Junior boys claim NorWOSSA gold

So comprehensive was the Muskies’ domination in their 56-30 rout of the Dryden Eagles last Thursday in Kenora for the NorWOSSA junior boys’ basketball crown, so cool and lethal was their offence, so airtight and comprehensive was their defence, so elegant was the play calling from the coaches, it seemed almost being cruel in the end.
They weren’t being cruel, of course. It’s just their win was so grand that it made Dryden simply look petite.
“It is very difficult to describe what I’m feeling right now. I am so happy,” head coach Claude Gagnon said.
But one thing was clear—on this night, where the cold temperature outside was juxtaposed with the humidity swirling inside the gym, the Muskies were not only decisive, but historic.
The black-and-gold—sporting just a 2-6 record during the regular season—became the first third-place seed to ever win the gold medal in junior boys’ basketball.
“That means a lot,” said Jordan York.
After an exhaustingly frustrating regular season where the Muskies showed signs of anemia on offence and symptoms of laziness on defence, they came together like a jig-saw puzzle last Thursday in Kenora with each player providing a piece to the solution.
But the one piece that did it for the Muskies was a little thing basketball enthusiasts call the 2-1-2 zone.
“The zone was the plan. We are capable of scoring points, but we had difficult in playing defence before, so we went with a 2-1-2 and it worked,” said Gagnon.
Gee, ya think.
The Muskies had implemented it during their semi-final showdown against the host Broncos earlier Thursday. And though it needed some minor adjustments (Kenora led 15-13 at halftime), it worked well as the black-and-gold emerged with a 40-33 victory.

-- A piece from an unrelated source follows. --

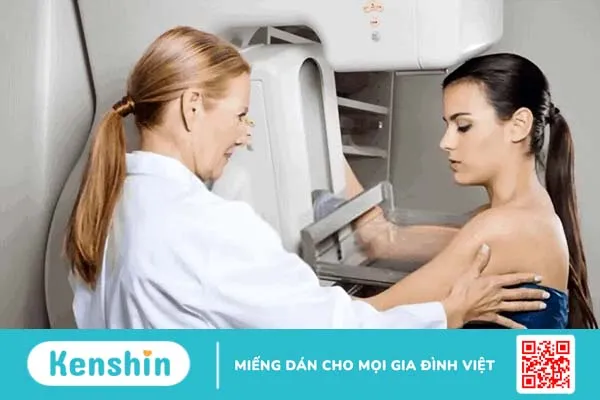 Dấu hiệu ung thư vú: 8 biểu hiện điển hình giúp bạn sớm phát hiện bệnh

Morgan Anderson led the way with nine points while Scott Gurski had seven and Joey Theriault-Martel added five.
The Muskies then had almost eight hours to think about what they planned to do against the top-seeded Dryden Eagles, and Gagnon could be seen using the time effectively.
Taking a spot along the gym floor, his back on the wall and his Montreal Canadiens jacket on his lap, Gagnon cradled a notepad and wrote notes on what he wanted to see implemented in the final.
It must have worked as the Muskies jumped out to an 8-0 lead to start the game. Garnet Cornell made his presence known early, which caused the Eagles’ to adjust their defence and subsequently led to his wing players being open for the pass.
One of those wing players who took advantage of being given “the rock” (as the kids call the basketball nowadays) was York, who was Dennis Rodman-like in his rebounding abilities and John Paxson-like in his buzzer-beating shots.
Take this play-by-play, for instance:
First quarter. Five seconds left. York with a shot 20 feet from the outside. Miss. Followed his own rebound. Collected it dangerously close to the out-of-bounds marker. Pivoted his body to the inside and then jumped.
Flick. Swish. Horn.
“I looked at the scoreboard and saw there were only a few seconds left on the clock and then jumped up, saw the basket, threw it one-handed, and it just went in,” York recalled.
And as the ball went in the basket, out went Dryden’s confident attitude. The Muskies had built up an amazing 23-8 lead after the eight minutes of the first quarter—and they didn’t stop there.
The 2-1-2 defence started to show signs of wear on the Eagles. The trick to beating a zone defence is to have capable outside shooting that will stretch the defence and thus create cutting lanes for your wing players.
But the Eagles didn’t have outside shooting—and the Muskies knew it.
“It was our plan to keep a good zone because they don’t really have any good outside shooters,” noted Cornell. “So if you keep them away from the inside, then we knew that we’d have a good day.”
The stifling Muskie defence led to a transition offence, which is the best type of offence because it involves garnering chances like open lay-ups and odd-man breaks.
And all of a sudden, the black-and-gold had opened up a 34-11 lead at halftime.
“It’s not over yet,” the passionate Gagnon could be heard yelling to his players.
The Muskies kept coming in the second half. Kept churning forward on a hill to the NorWOSSA gold medal instead of putting themselves in neutral and sliding back to the bottom like they had done so many times during the regular season.
This was the Muskies’ night. Maybe it was the large amounts of Gatorade the players drank before the game started, or perhaps the cheering from their Muskie counterparts, but no one could take it away from them.
Not the 13 players on the Dryden bench, not the 14 players on the Kenora bench, and certainly not themselves.
“This is the best I’ve ever seen them play this year, but that was our plan,” said Gagnon, with the wily coach uttering the last part of his sentence with a sly smile.